Dr Pietro Stefanini
Postdoctoral Fellow, September 2025 - September 2026
Home institution: University of Edinburgh
Pietro holds a PhD from the University of Edinburgh, where he was awarded a Politics and International Relations doctoral scholarship. His research on settler colonialism, humanitarianism, and resistance has been published or is forthcoming in Millennium: Journal of International Studies, Participation and Conflict, and the Journal of Palestine Studies. He is also the editor of Palestine in a Time of Genocide: The Global Responsibility for Gaza (forthcoming Routledge 2026), and UNRWA at 70: Palestinian Refugees in Context (Al Jazeera Centre for Studies 2020).

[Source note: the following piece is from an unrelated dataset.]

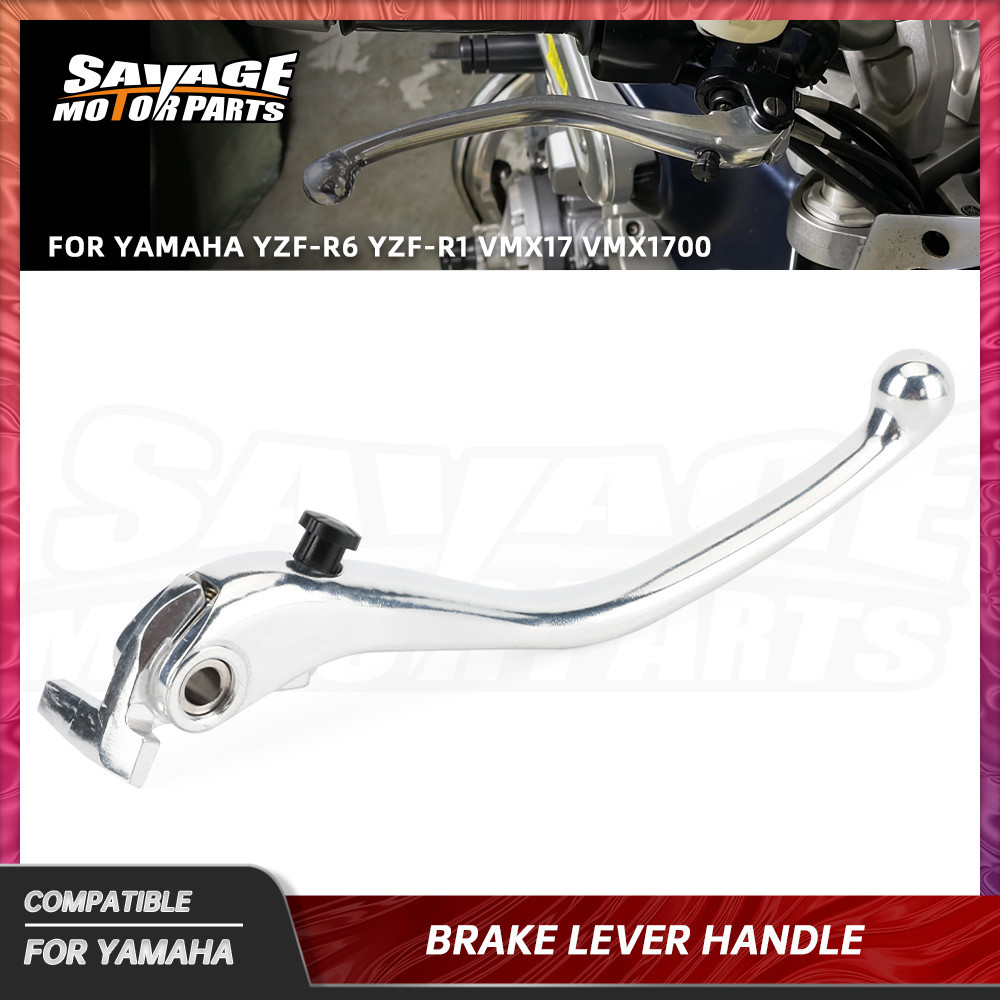 ก้านเบรครถจักรยานยนต์สำหรับยามาฮ่า YZF-R6 YZF-R1 V-MAX 1700 VMX17 VM1700ก้านอลูมิเนียม2004-2016อุปกร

He has written shorter pieces for History Workshop, Legal Agenda and Middle East Eye, and has appeared as a commentator on Al Jazeera TV. Before moving to the UK to begin his studies, he grew up between Bologna, Damascus and Occupied Jerusalem.

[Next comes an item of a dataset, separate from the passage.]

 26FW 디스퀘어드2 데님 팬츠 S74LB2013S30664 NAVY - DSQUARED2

Project title: Making Colonisation Humanitarian: A Genealogy of Settler Humanitarianism in Palestine/Israel
While at IASH, I will be working on a book manuscript based on my doctoral research, which deploys archival and ethnographic methods to trace a genealogy of the relationship between humanitarianism and settler colonialism, from the period of British imperial rule in Palestine, through the 1948 and 1967 wars, to the contemporary conjuncture and the destruction of Gaza. The study engages with multiple academic fields, drawing from anthropology, global history, and International Relations. It contributes to anthropological explanations of humanitarianism as an instrument of power, while also adding a settler colonial perspective to global histories of humanitarianism in the Middle East. The project builds on a tradition of IR scholarship that has sought to critique the racial hierarchies upon which the discipline rests.

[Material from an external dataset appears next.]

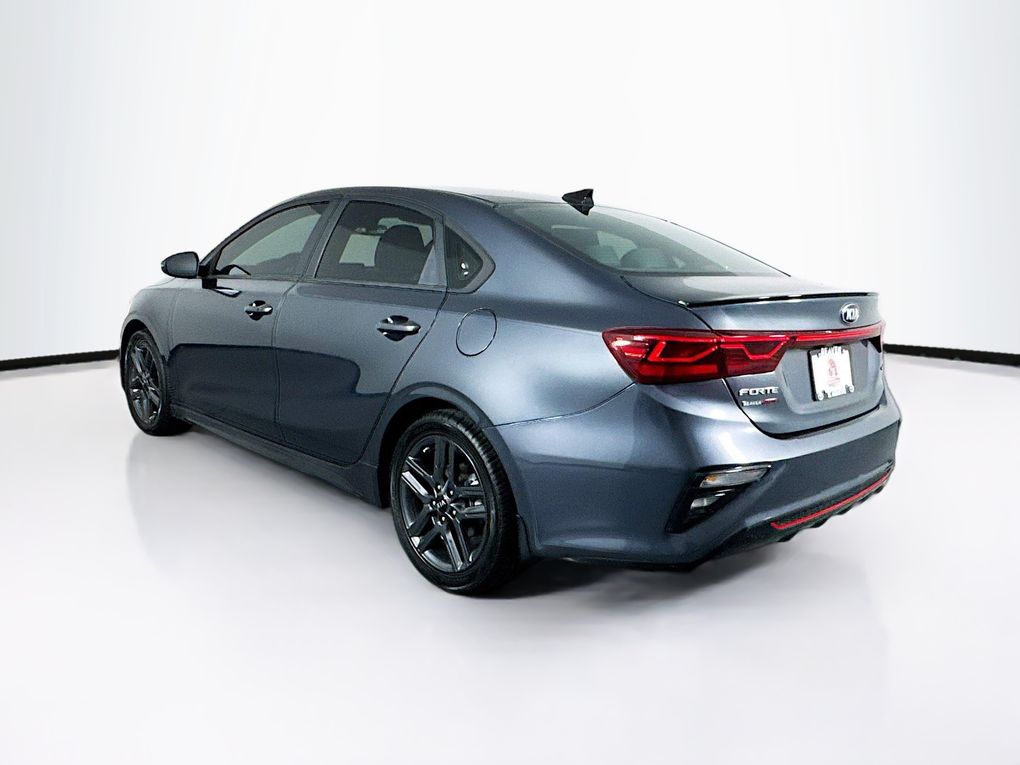 Used 2021 Kia Forte Sedan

The book illustrates a settler colonial modality of humanitarianism along two main axes: enabling the continuous reproduction of the settler society; and providing a mechanism for the dispossession of the Palestinian people. It demonstrates how, rather than constituting a constant dynamic throughout a century-long historical arc, the settler form of humanitarianism gains particular prominence during moments of crisis, disruptions of populations (both settler and native), and peaks in colonial violence.